# 26 years later a life thrown away



## reidqa (Mar 25, 2009)

Again if you forgive and forget, sit and think is it from the heart or brain.

The brain is the logical part, NOT THE HEART.

This couple ended it 27 years later, I almost cried for the husband literally thru his life away.

How do you forgive when your wife's affair still hurts after 26 years?.

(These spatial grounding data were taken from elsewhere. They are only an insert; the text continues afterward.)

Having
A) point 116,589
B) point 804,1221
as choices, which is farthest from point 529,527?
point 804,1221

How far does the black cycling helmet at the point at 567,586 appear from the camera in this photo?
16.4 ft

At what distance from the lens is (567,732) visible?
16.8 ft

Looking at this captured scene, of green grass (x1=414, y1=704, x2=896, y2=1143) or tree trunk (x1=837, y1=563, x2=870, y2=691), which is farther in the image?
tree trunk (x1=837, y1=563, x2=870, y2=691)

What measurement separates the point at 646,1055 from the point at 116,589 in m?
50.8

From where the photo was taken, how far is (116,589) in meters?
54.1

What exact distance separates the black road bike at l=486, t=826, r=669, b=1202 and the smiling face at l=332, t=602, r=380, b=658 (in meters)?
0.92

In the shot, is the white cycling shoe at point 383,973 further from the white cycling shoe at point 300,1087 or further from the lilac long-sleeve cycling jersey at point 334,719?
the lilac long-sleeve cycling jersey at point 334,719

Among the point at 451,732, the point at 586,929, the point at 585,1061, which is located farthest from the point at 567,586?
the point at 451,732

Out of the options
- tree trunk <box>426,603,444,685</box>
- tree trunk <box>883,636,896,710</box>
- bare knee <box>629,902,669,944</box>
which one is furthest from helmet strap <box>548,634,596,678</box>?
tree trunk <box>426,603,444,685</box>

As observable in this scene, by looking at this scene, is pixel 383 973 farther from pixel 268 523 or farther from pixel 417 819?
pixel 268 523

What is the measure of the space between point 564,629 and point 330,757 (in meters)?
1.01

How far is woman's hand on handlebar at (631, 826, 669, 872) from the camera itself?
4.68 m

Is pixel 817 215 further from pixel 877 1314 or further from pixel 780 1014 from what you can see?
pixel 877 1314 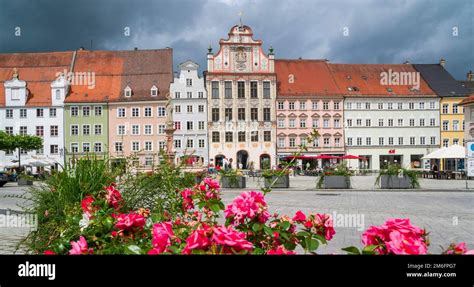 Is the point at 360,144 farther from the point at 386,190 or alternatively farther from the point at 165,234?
the point at 165,234

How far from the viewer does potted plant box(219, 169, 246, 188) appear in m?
13.8

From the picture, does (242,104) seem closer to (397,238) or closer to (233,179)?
(233,179)

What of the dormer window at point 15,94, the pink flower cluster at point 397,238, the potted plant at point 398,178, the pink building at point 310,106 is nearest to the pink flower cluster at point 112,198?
the pink flower cluster at point 397,238

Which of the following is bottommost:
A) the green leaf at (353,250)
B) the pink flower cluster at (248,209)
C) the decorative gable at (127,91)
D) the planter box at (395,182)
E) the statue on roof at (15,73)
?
the planter box at (395,182)

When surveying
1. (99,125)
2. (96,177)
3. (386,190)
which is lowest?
(386,190)

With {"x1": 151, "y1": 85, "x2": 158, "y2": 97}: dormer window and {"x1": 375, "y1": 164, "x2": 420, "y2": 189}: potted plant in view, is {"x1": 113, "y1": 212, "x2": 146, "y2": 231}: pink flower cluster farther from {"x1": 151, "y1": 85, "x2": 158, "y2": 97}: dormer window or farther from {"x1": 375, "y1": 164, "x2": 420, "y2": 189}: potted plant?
{"x1": 375, "y1": 164, "x2": 420, "y2": 189}: potted plant

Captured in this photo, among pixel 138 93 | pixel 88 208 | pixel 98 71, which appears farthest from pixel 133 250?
pixel 138 93

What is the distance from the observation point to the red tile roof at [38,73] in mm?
4188

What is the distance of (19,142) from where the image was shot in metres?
4.11

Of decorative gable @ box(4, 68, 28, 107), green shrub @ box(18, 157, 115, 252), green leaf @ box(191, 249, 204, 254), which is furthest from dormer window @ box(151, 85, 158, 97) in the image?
green leaf @ box(191, 249, 204, 254)

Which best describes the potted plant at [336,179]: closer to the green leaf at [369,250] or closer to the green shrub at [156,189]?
the green shrub at [156,189] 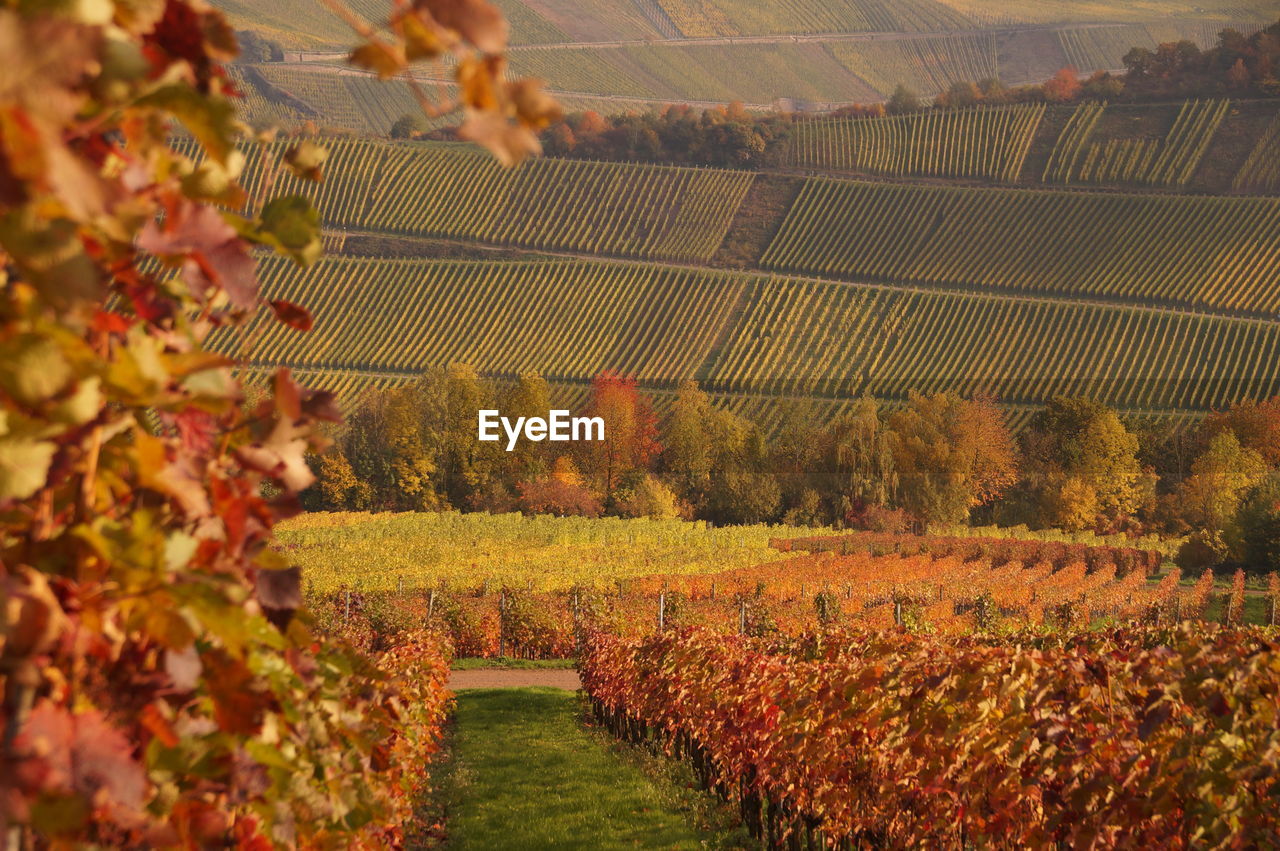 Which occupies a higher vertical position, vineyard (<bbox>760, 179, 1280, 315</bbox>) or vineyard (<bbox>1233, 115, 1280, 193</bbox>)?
vineyard (<bbox>1233, 115, 1280, 193</bbox>)

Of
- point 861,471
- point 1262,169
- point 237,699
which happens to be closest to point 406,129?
point 1262,169

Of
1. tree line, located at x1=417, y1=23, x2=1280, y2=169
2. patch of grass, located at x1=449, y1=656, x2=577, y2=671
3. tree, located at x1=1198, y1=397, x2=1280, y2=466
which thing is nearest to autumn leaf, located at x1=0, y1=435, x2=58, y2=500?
patch of grass, located at x1=449, y1=656, x2=577, y2=671

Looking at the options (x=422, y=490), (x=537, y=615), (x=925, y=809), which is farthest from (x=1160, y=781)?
(x=422, y=490)

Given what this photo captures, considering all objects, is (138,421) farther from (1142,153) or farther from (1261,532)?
(1142,153)

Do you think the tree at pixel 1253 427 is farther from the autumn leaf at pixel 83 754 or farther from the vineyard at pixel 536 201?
the autumn leaf at pixel 83 754

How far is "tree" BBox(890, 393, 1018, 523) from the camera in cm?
5531

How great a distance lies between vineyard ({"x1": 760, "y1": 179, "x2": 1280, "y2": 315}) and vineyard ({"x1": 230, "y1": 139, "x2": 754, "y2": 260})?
6.31 metres

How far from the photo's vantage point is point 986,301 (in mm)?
77688

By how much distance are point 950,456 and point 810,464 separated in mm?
5750

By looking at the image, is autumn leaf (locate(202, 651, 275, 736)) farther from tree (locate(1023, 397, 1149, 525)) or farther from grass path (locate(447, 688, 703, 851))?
tree (locate(1023, 397, 1149, 525))

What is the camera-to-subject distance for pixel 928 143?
95938mm

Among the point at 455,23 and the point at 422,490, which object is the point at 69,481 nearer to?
the point at 455,23

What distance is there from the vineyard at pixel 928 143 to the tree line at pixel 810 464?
28334 mm

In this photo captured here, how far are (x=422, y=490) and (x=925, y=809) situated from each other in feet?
198
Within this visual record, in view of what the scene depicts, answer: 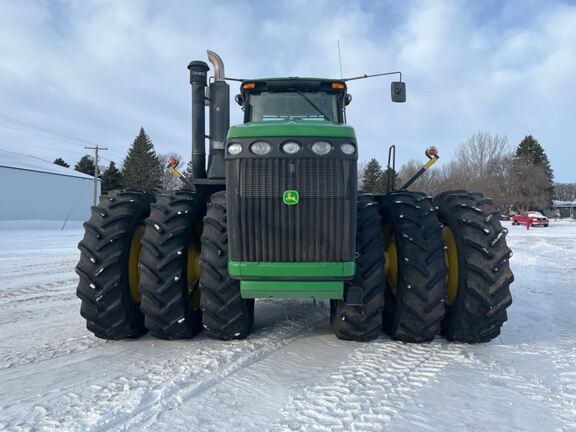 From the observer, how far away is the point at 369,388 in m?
3.01

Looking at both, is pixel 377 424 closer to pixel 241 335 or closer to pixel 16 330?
pixel 241 335

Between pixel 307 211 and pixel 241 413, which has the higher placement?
pixel 307 211

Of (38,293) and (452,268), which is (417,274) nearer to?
(452,268)

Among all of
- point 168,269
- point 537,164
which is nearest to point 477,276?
point 168,269

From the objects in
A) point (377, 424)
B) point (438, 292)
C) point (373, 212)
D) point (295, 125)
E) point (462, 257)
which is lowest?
point (377, 424)

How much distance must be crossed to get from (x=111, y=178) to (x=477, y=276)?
53.3 m

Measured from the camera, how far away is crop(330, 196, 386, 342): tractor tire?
3.73 meters

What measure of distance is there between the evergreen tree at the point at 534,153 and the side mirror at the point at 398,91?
7084 cm

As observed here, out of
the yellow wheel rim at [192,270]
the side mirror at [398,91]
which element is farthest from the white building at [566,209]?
the yellow wheel rim at [192,270]

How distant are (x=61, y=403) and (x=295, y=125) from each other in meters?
2.45

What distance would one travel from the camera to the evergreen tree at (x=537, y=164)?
58794mm

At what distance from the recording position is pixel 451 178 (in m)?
58.5

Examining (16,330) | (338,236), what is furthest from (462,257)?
(16,330)

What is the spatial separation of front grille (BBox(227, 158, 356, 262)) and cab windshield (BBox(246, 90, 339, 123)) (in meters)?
1.45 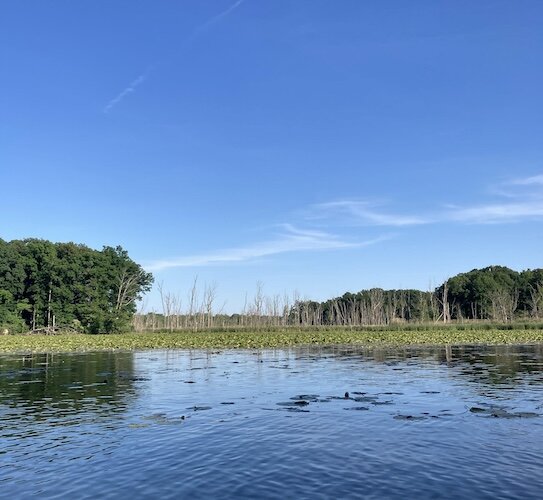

I feel in love with my wife 28 years ago.At the time I was single for sometime and very happy. she had just broken up with her past boyfriend of ten years {on and off between having other relationships}because she said he was always selfish and, cheated on her more then a few times.We dated for about 6 weeks almost everyday and, she spent the night in my bed with me.One night she ask me to make love to her and we had great sex.That night it became official we were in a monogamous relationship.We went out for almost 2 years and were engaged to get married.one night she didn't come home until the next morning.She told me that she spent the night with her ex. but nothing happened, I broke down, she also told me that they had talked and had lunch a few times before this night.I loved this women and we worked things out with the understanding that it would not happen again. We married and 2 months later she did it again.{She was always happy with our sex life and always told me how happy i made her feel} I left and told her it was over. I went to Europe and visited some friends. when I returned she begged for forgivness and she said It was nothing with me it was her.It took sometime but I forgave her and we had children and became close again.Last night we had a fight and this affair was mentioned, I asked her why would you bring up something that I tried to forget for so long she said, She didn't have a affair because we weren't married."Is there something going on that I'm not seeing"? Is she trying to rewrite history?, What do you think


----------



## Tim (Mar 24, 2009)

wait is this the same one you always go on and on about that got AIDS? Or is this your latest wife? If it's your latest....so sorry.


----------



## TNgirl232 (Oct 5, 2008)

I think its another couple and he just copied that guys story in the first person and it all kind of ran together...his wife was 15 when they met, so I'm thinking she couldn't of had a previous relationship for 10 years with someone else.


----------



## KMDillon (Apr 13, 2009)

Exactly what I was thinking TNGirl. His stories don't add up.


----------



## reidqa (Mar 25, 2009)

Tim,

Not about me.

Wife had affiar, he never really forgave her and she stilll loved the OM.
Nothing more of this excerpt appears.